Wikileaks and Japan — an idea of what to expect (3)

With so few cables discussing Japan so far released, understanding the implications of Cablegate can be a challenge. There are, however, techniques that allow us to set a basis now for future analyzes of the cables. Previously, we have on this site discussed the way currently released subject lines offer clues as to U.S. dealings with Japan, and how an awareness of historical events can be used to predict, or request a look at, unreleased cables. A search for the word Tokyo, rather than Japan, can also be helpful.

The U.S. State Department refers to Japan as “Japan” (rather than Tokyo, land of the rising sun, etc.) This means that Japan references are talking ABOUT the country. It appears, however, that the word “Tokyo,” means in general that a document should be shared with the Tokyo Embassy, and thus represents a subject that the U.S. is discussing WITH Japan. *1

What does this mean? Essentially, the Cables can be read in two ways. One set, in which the name of a country is searched for, represents the U.S. State Department’s opinion of a nation. A second set, in which a nation’s capital is searched for, represents the U.S. State Department’s opinion on what information selected embassies CCed on cables should be aware of, for whatever reason.

The second search, which refers to capitals rather than countries, allows us to narrow down our view of the United States. One cable in particular that includes the keyword Tokyo illustrates this point.

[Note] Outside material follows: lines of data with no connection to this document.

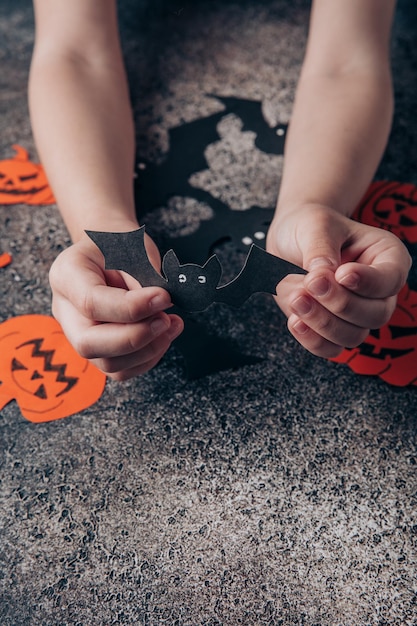 Ręce dzieci przygotowują dekoracje z papieru na Halloween Przygotowanie do święta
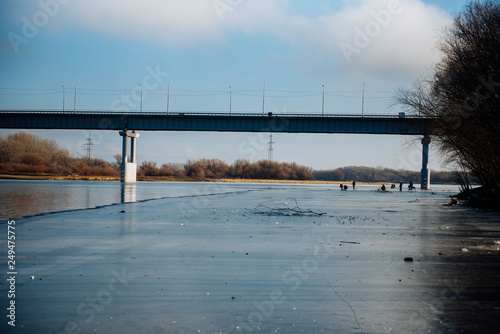 Not completely frozen river in winter. Half the river is frozen © bo.kvk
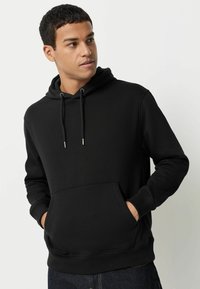 Sort hættejakke med snore, frontlomme, ribbede manchetter og kant. Lavet af glat stof, tætsiddende design og minimalistisk stil.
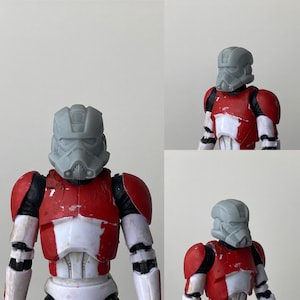 Può includere: Un casco di plastica grigio con una placca toracica e spalline rosse e bianche. Il casco ha una visiera e un design dettagliato.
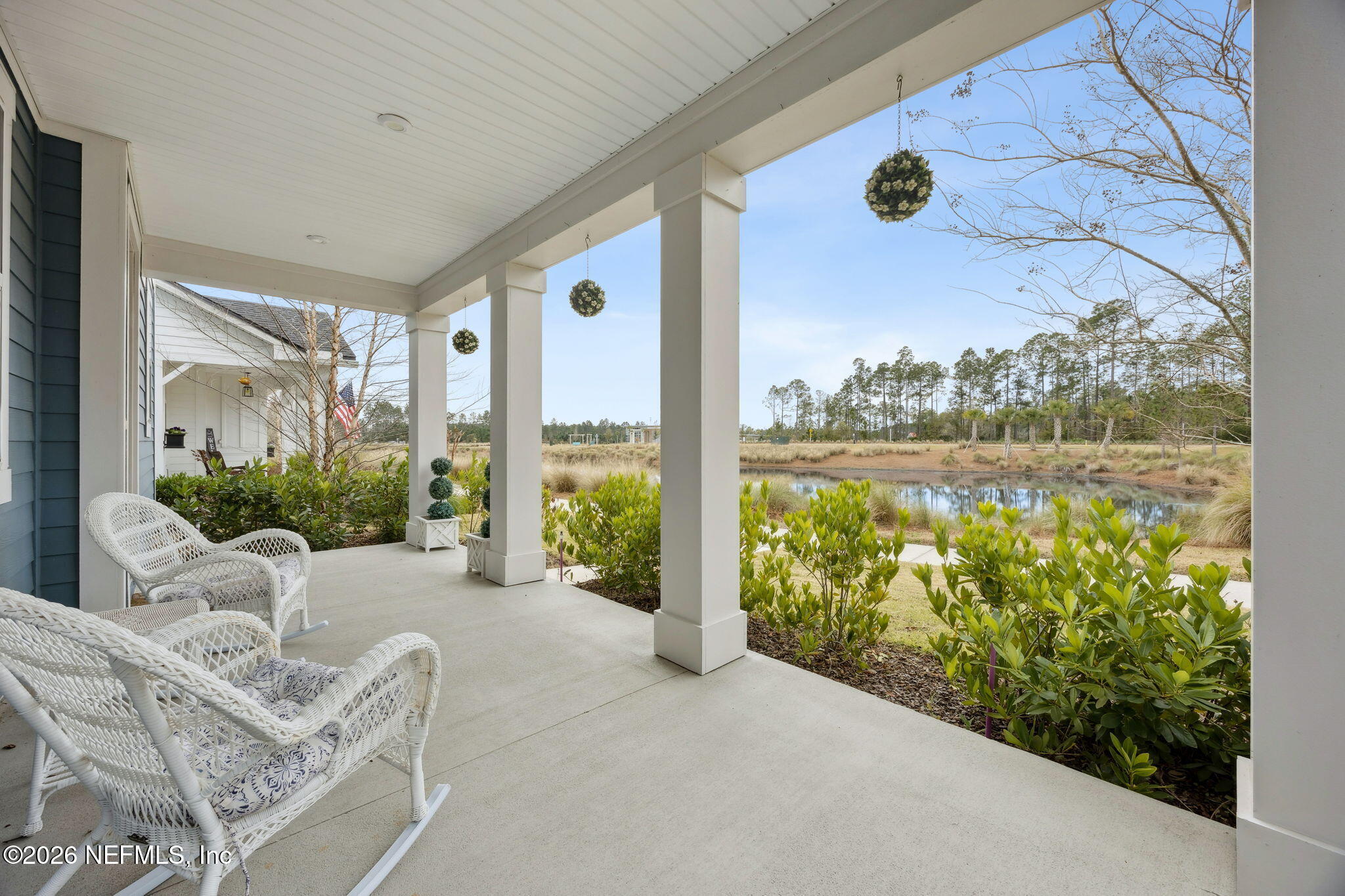 141 Redbud Lane Yulee, FL 32097 - Photo 5 of 77 a balcony with furniture and garden view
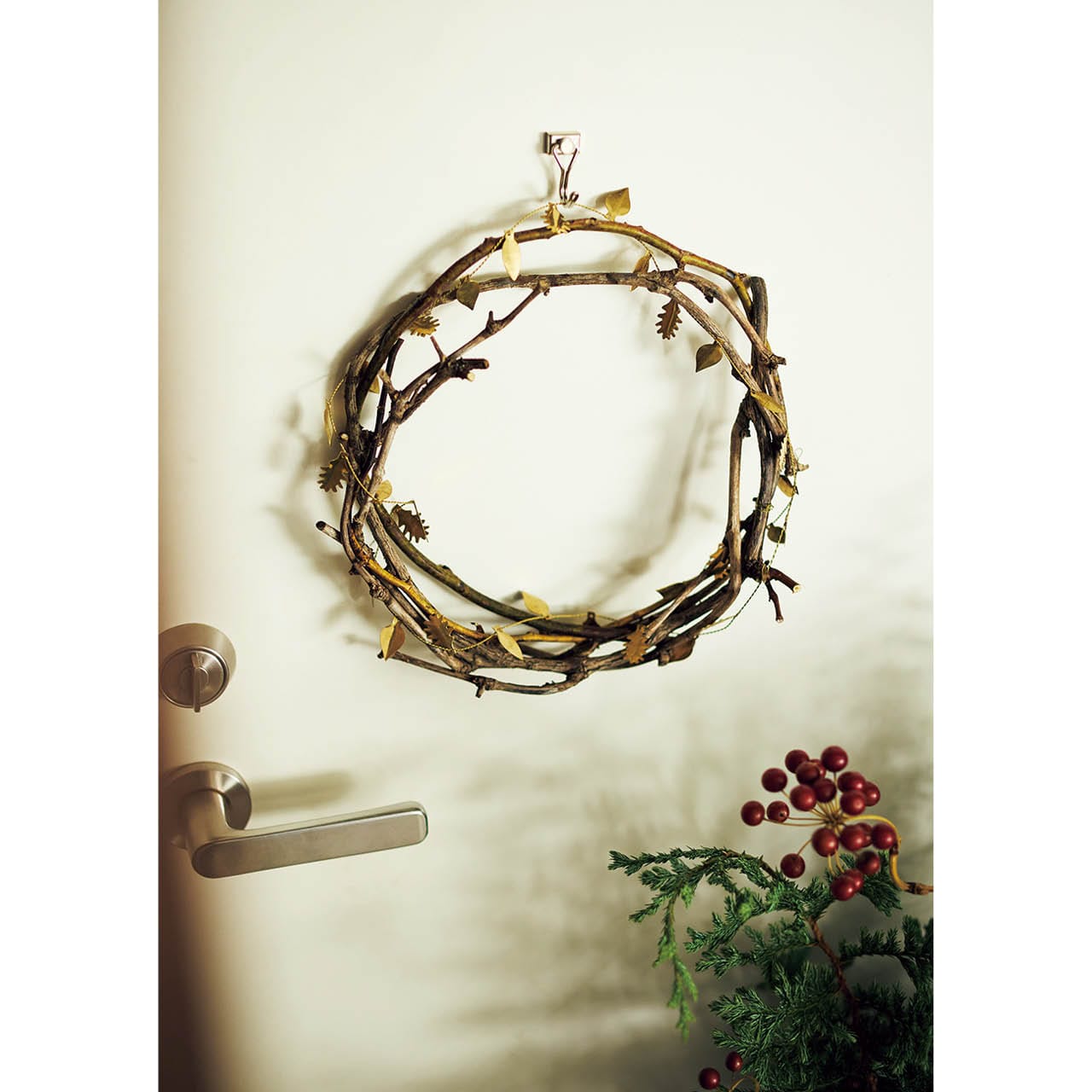 ツタのリースに真鍮の飾りを巻いて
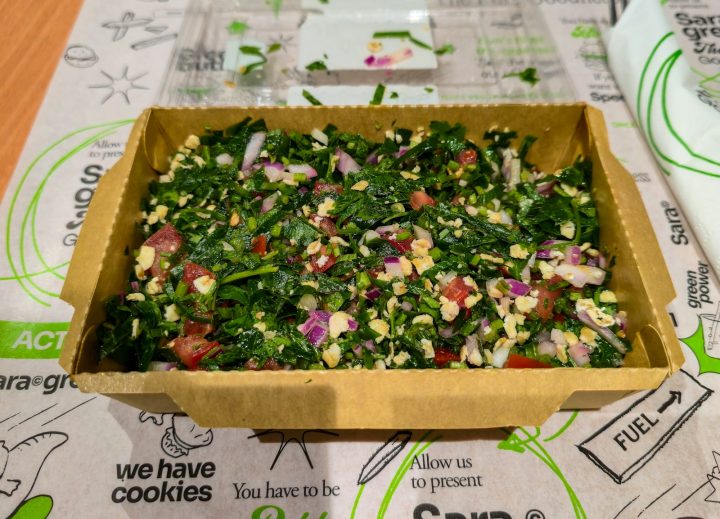 Tabbouleh with parsley, tomatoes and onions packed in a cardboard container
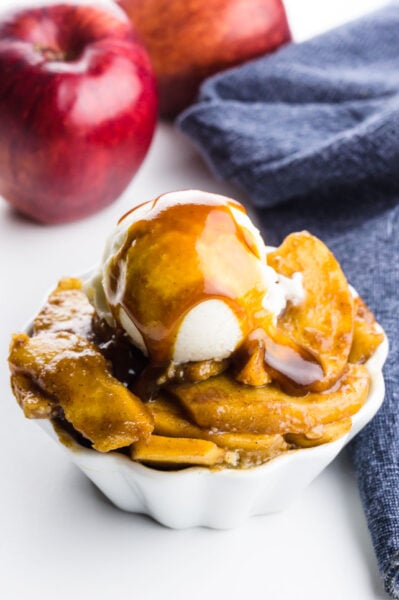 A bowl of baked apple slices is topped with ice cream and caramel sauce. There are apples behind it and a blue kitchen towel.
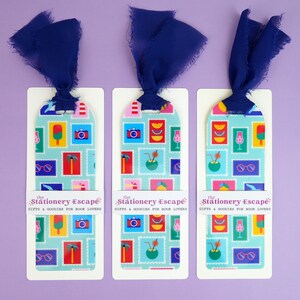 May include: Three bookmarks with a blue ribbon and a tropical stamp design. Each bookmark has a light blue background with colorful illustrations of cameras, cocktails, sunglasses, and palm trees. The text "the Stationery Escape GIFTS & GOODIES FOR BOOK LOVERS" is printed on each bookmark.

Lee Kuan Yew on Burma’s “stupid” generals and the “gambler” Chen Shui-Bian, dated Oct. 17, 2007, includes a section on the Minister Mentor of Singapore’s opinion on the way Japanese Prime Minister Yasuo Fukuda could help change Taiwanese politics:

Japan should speak out to restrain Taiwan from making provocative moves towards independence, MM Lee said. He asked what Japan had agreed to do in response to the proposed referendum on joining the UN under the name Taiwan. DAS Christensen noted that Japan has expressed its opposition privately with President Chen, but did not agree to make any public statements opposing the referendum. MM Lee suggested that Japan might be willing to make a public statement now with Yasuo Fukuda serving as prime minister. Fukuda has close ties to the KMT and his father even risked China’s ire to attend former President Chiang Ching-kuo’s funeral in 1988, according to Lee.

the cable states.

Clearly, the news of this cable that discusses Japan made it at least as far as Tokyo. The U.S. Embassy in Tokyo was, at the very least, aware that Singapore wished to see Japan intervene in Taiwan’s political process in connection to China.

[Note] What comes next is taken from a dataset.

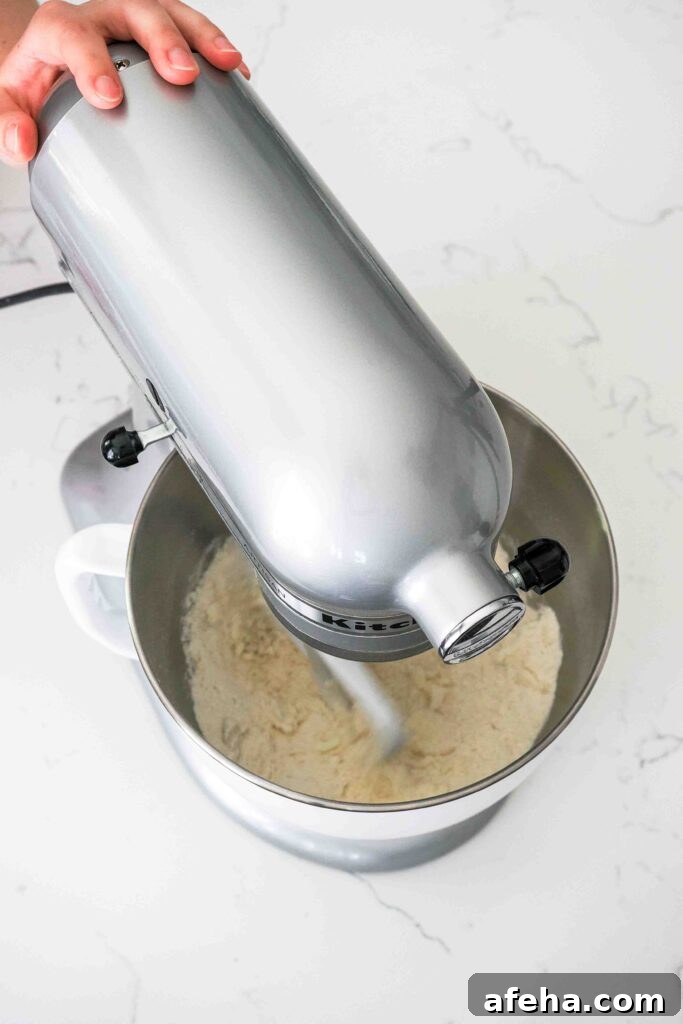 A stand mixer beats together butter, flour, sugar, baking powder, and salt.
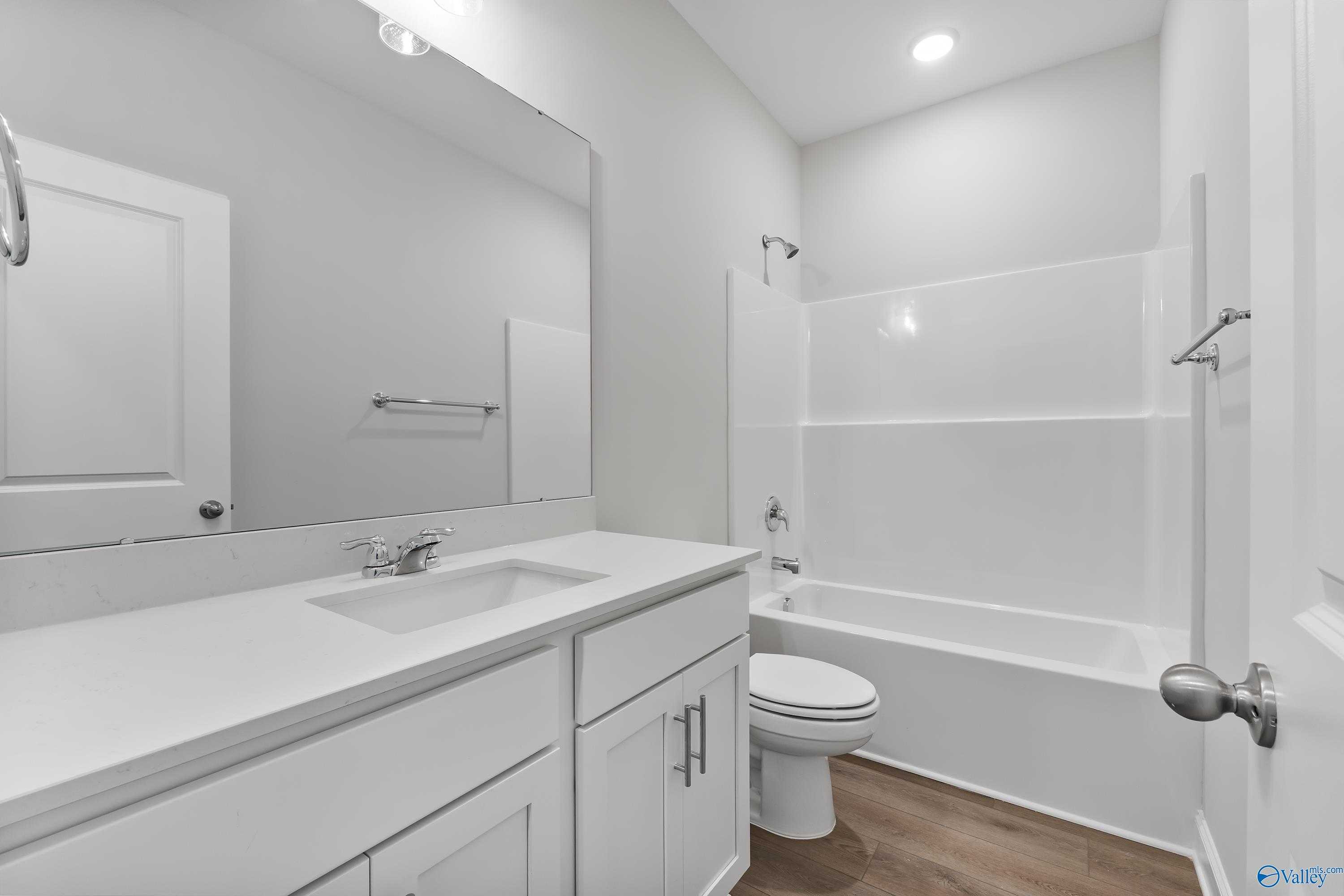 Modern guest bathroom featuring white vanity, tub-shower combo, and neutral tones in Davidson Homes The Daphne, Hazel Green, AL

As much cannot be said for the cable Ambassador’s parting thoughts on taking the Dutch, in which a U.S diplomat documents the strategic importance on working together with the Netherlands on numerous strategic issues. We are yet to find out whether or not Ambassador Clifford Sobel opinion that the Dutch “presence provided the political and military cover necessary for Japan to commit forces.” We can, however, infer, that despite Japan’s strategic importance is as an ally, it is still seen as part of a bigger picture.

Perhaps this should not be a surprise, but it is noteworthy for those looking to place Japan in the larger world.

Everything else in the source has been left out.